A new technology for producing spherical rubber antioxidants particles is developed in this research, which can overcome the deficiencies of present molding techniques. It makes use of the properties of the insolubility between rubber antioxidant and water in granulation. The rubber antioxidant drops are cooled down directly in a water tower with much higher efficiency of heat transfer. The granulation materials are 4020 (6PPD, C18H29N2) and 4010NA (IPPD, C15H18N2), which are two kinds of most frequently used rubber antioxidants in tires and shoes. A pilot-plant of 3000 t/y for 4020 or 4010NA granulation has been built and runs well, spherical particles about 4 mm are produced. The granulation principle and process are introduced as followed, and some key factors in the granulation process are analyzed.

The design of granulation principle is based on the insolubility of the granulation material in a cooling medium and the interface tension in air and water. Because of their insolubility, the melted rubber antioxidant and water will not contaminate each other. The surface tension enables the rubber antioxidant drop to form a spherical shape in air and water. When the melted rubber antioxidant drops into the cooling water, the heat transfer between drop and water is at high efficiency, leading to the drop solidification and spherical particle formation, which can greatly reduce the granulator size. After dewatering with dry air, the satisfied spherical particles are obtained.

The main apparatus in the granulation flow include pre-crystallizer, granulator (it includes granulator head, a water tower and heat exchanger for circulating water), dewatering screen and drier. The granulation materials are demanded to have a certain nucleus concentration in the melted liquid via a pre-crystallizer and then are fed to the granulator.

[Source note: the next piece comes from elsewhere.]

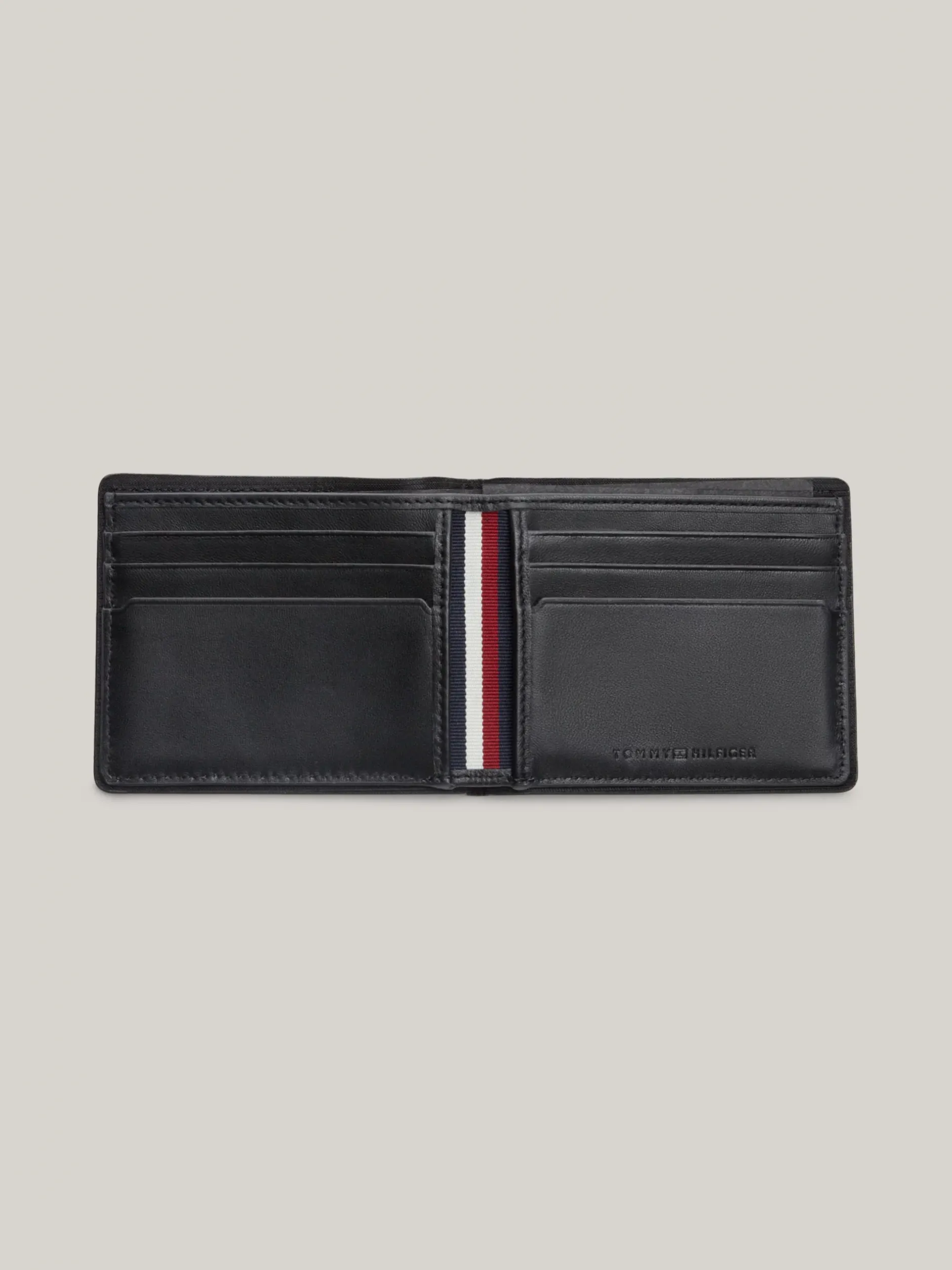 Portfele & Breloczki Do Kluczy*Tommy Hilfiger Małe Skórzane Etui Na Karty BLACK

Drops are produced from the granulator head, and are dropped in the water tower in which they are cooled and solidified. The cooled particles settle down to the bottom of the water tower and then are discharged to the dewatering screen. The dewatered particles are dried in a fluidized bed with dry air, after a few minutes drying, qualified spherical particles are produced. The followings are the detail descriptions.

The rubber antioxidants 4020 and 4010NA in melted phase are typical super-cooling materials, which do not solidify even at temperatures quite below their freezing-points if there is no crystal nucleus in the melted liquids. A pre-crystallizer is necessary in the granulation of rubber antioxidant 4020 and 4010NA, in which the enough nuclei form and they can induce the melted rubber antioxidant to crystallize and solidify.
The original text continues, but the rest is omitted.